I use an Oz-collar. They are not easy to get hold of. It took me 40 years to get hold of my Oz-collar. But it works a treat and is dead reliable. It needs no battery's and does not require any charging. It is powered by love, patience, understanding, repetition and consistency. I love how well it works......


----------



## hotmischief (Mar 11, 2012)

I never quite understand the need to put the fear of god into a dog with an e-collar, when as Ozkar says some of us manage the old fashion way with treats, love, affection and patience. My Vizsla is so well trained and I have never had to zap him - he would be so upset with me and not understand what he had done wrong if I did.


----------



## dmak (Jul 25, 2012)

For Kauzy the e collar does not put the fear of god in him, he actually gets really happy and excited when I get the collar out cause he knows its hunting/adventure time. And the "zap" is no more intense than getting shocked by static electricity (I.e. rub your feet on the carpet and touch the door knob). When you have a strong willed, hard headed dog (a lot of V's) the momentary stimulus is just enough to get their head back in the game, it helps him regain focus when he gets into chase mode. I also found that using treats had a much more negative impact on our training as he would start begging and performing for food all the time. For positive reinforcement, I use his favorite toy and affection with great success. Obviously, each person has his own methods. I never have to "zap" him anymore as i only have to use the beep feature. It is very nice to be able to give my pup a command from 1/2 a mile away without having to blow a whistle/shout and spoil a hunt. I have trained dogs both with and without the e collar and find a slight edge in reinforcement with the e collar. As stated in other posts, your dog has to be well trained on basic commands before using the collar. It is designed to help reinforce stubborn dogs


----------



## Mischa (Feb 17, 2010)

zigzag said:


> As others have said E coller works great when properly used.
> SD 1825 is what I use beep, continuse stim, momentary, 1 mile range.
> I use the beep first to get his atention, then command. Non compliance is the momentary stim.
> 
> ...


Take this for what it is worth, and not an insult.
I am not a dog trainer, just sharing info that I came across in my research on e-collars.

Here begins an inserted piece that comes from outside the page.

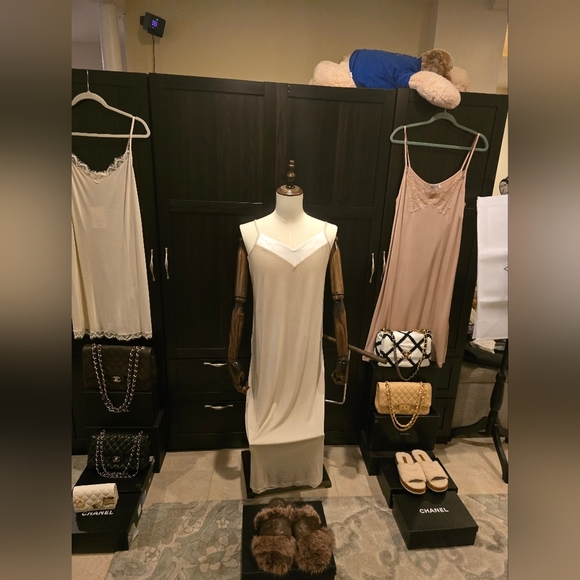 Frette New w/Tags Spring 2024 Long  Nightgown Pajamas Beige/ White Satin - Picture 3 of 12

You have trained your dog that after he hears a beep, he has to do something or he will get zapped.
IMO he is paralyzed with fear because he doesn't know what to do to avoid the zap as he doesn't get a command after the smoke alarm beep.

The SportDog website/manual I read described using the tone as a command only, and never as a warning, because the dog can become fearful of any beep in day to day life. Microwaves, cars, tv's, you want no reaction or a positive reaction. These dogs are so bloody fearful at times, you really have to be careful with them.
I understand that you're not "warning" him, but getting his attention. He probably doesn't get all that, just the simple "beep - command - buzzzzzz"



I use the beep for 1 thing. Recall.
You could try retraining what the beep means.

I did it at home first. 
-Walk to any room away from the dog. Bring treats. Good ones! 
-Yell out: "Come" or "Here" etc... and as soon as you here him or see him move, you hold down the beeper until he reaches you. 
-Once he gets there, tasty treat.

Repeat until it is looking very reliable, then just hold the beep for the second or two it takes for him to come towards you. You can stop beeping then and wait for him to arrive for another treat.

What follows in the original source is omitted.